= Býleistr =

Norse mythical character

Býleistr (Old Norse: /non/; also Byleist) is the brother of Loki in Norse mythology.

== Name ==
The meaning of the Old Norse name Býleistr is uncertain. The most popular propositions are compounds formed with the word bylr ('storm'), either as byl-leystr ('storm-relieving'), byl-leiptr ('storm-flasher'), or byl-heistr ('violent storm').

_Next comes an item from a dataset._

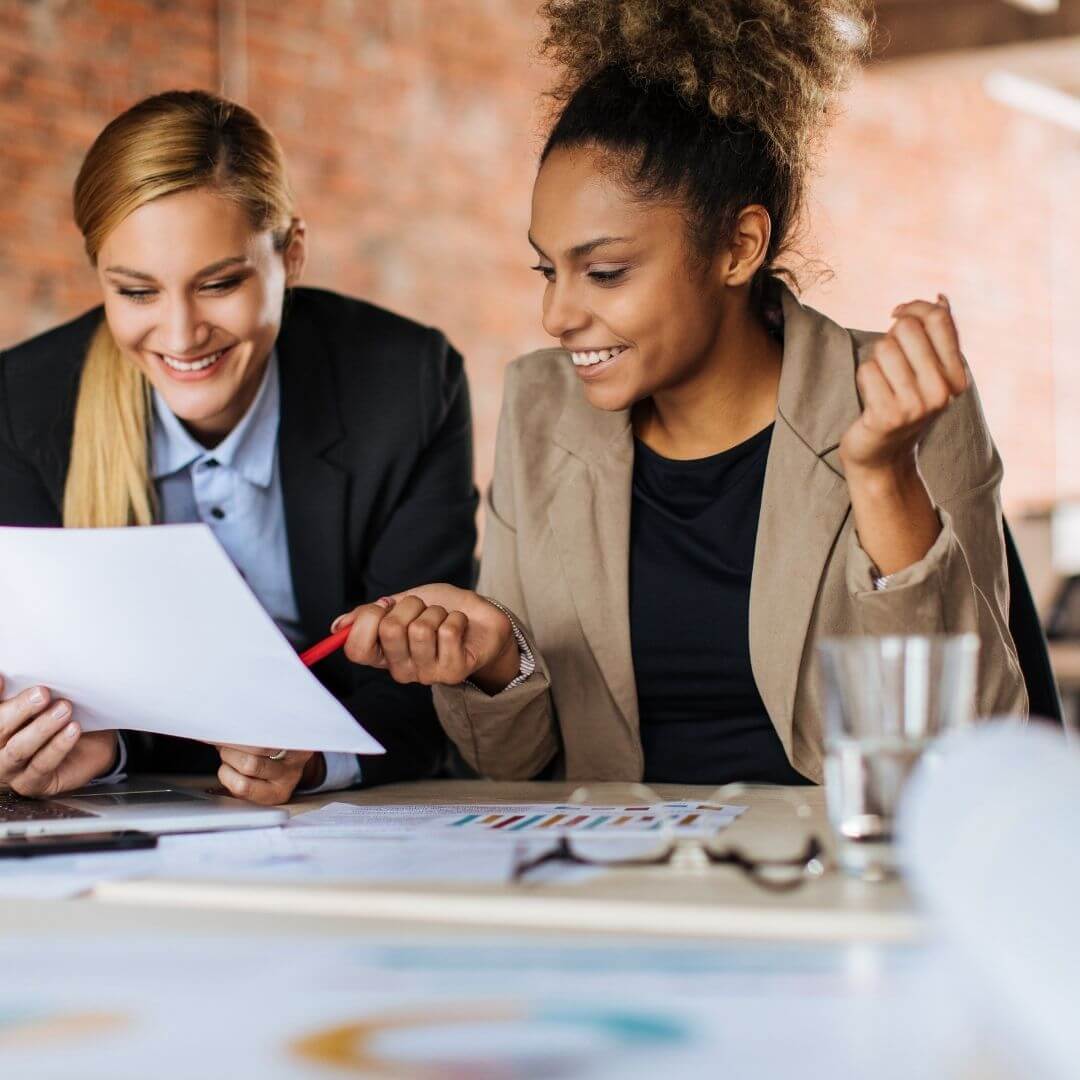 two professional women smiling and working on a marketing project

Various forms are attested in the manuscripts of the Prose Edda: 'Býleistr' (Codices Regius and Wormianus), 'Blýleistr' (Codex Trajectinus), or 'Býleiptr' (Codex Upsaliensis).

== Attestations ==
Although there is no action involving Býleistr in the original sources, Loki is frequently called by the kenning 'Byleist's brother' (bróðir Býleists), such as in Völuspá (51), Hyndluljóð (40), or Skáldskaparmál (16).

In both Gylfaginning (34) and Skáldskaparmál, Snorri Sturluson explicitly states that Byleist is, along with Helblindi, one of Loki's two brothers.

Based on this relation, a number of scholars have considered Býleistr to be a son of Fárbauti and his consort Laufey. However, his exact role in the ancient mythic complex surrounding Loki's family remains unclear.